Let $K$ be a convex body; that is, a compact convex set in $\mathbb{R}^d$ with non–empty interior. We discuss problems of the following general form: given a series $K_1, K_2, \dots$ of smaller positive homothets of $K$ (that is, $K_i = \lambda_i K$, where $0< \lambda_i< 1$). What are sufficient or necessary conditions for the existence of a series of translations $t_1, t_2, \dots$ such that the family $K_1+t_1, K_2+t_2, \dots$ covers $K$. In this setting, one may measure the ``magnitude'' of the given series of homothets in terms of their total volume or the sum of their homothety ratios. Naturally, one may consider also the cardinality of the given series of homothets. The number of smaller positive homothetic copies of $K$ necessary to cover $K$ is called the illumination number of $K$. We introduce a fractional version of this quantity and present a weaker version of the Boltyanski--Hadwiger Conjecture (according to which, $2^d$ copies suffice). Finally, we discuss the relationship between the cardinality of homothetic copies covering $K$ and their homothety ratios.
I will discuss the problem of bounding the mean-width of a general isotropic convex body and report on some new observations in this direction.
Recent progress on study of cube-tilings and packings will be reported.
A new formula for the Demyanov's metric in the family of convex, compact subsets of Rn based on lexicographical order permits to extend this metric to arbitrary bounded, convex, not necessarily closed sets. Every bounded, convex set $A \subset R^n$ can be identified with a function whose domain is some subfamily of orthonormal systems of vectors $(e_1,\ldots,e_k)$ for $1 \le k \le n$ and the zero vector. The values correspond to lexicographical maxima in A with respect to these systems.

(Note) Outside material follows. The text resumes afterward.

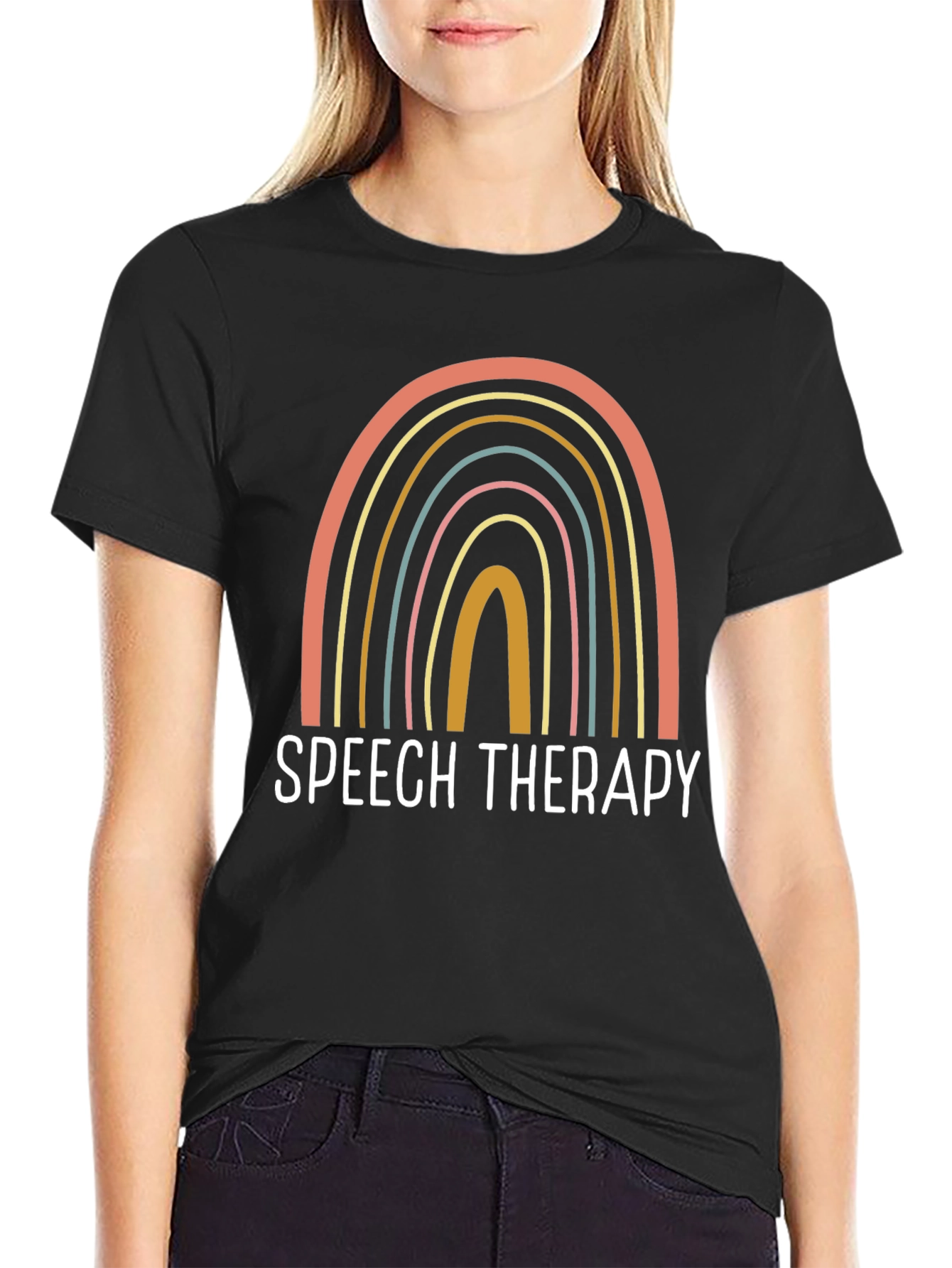 Speech Therapy Rainbow T-Shirt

This permitts to embed the space of bounded, convex sets with Demyanov's metric as a subspace of certain complete function space with the sup metric. The subspace, however, is not complete. A candidate for its closure within the whole space is known but this is a conjecture (proved only in $R^2$).

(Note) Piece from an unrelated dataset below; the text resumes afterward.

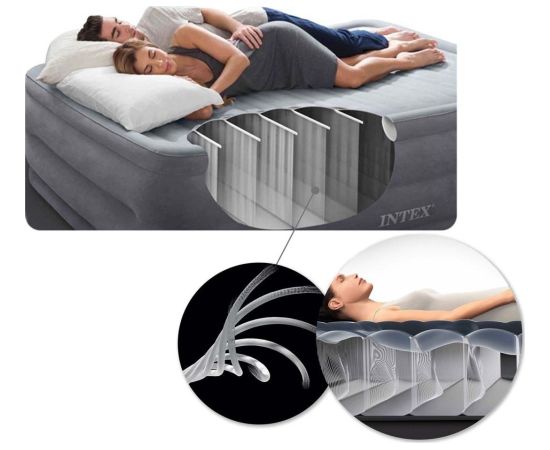 Piepūšamais matracis guļamvieta 191x99 cm vienguļamā gulta INTEX 64146ND Надувные кровати и матрасы, Подушки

VC-dimension is a combinatorial notion introduced by Vapnik and Cervonenkis in 1971 for applications in probability theory. In geometric language, the VC-dimension of a family of shapes is a measure of how ably that family can express the distinctions among some chosen points. M\'arton Nasz\'odi has asked, in connection with the Boltyanski--Hadwiger illumination conjecture, whether the VC-dimension of the translates of a convex body is bounded (independently of the choice of body). We show that such a bound exists in the plane (it's 3), but not in higher dimensions.
I will show new concentration inequalities obtained for \ell_p balls. These inequalities generalize Talagrand's concentration for the exponential measure, and can be shown to be, in a sense, optimal. Also, I will show a concentration inequality stronger than Talagrand's for sets lying far away from the origin. The communication will be based on joint work with Rafał Latała.
The Christoffel problem asks for necessary and sufficient conditions for a given Borel measure on the sphere to be the first surface area measure of a convex body. The problem was solved in the late 1960's by Firey and Berg. We use Fourier transform techniques to present a new perspective on Berg's solution of Christoffel's problem.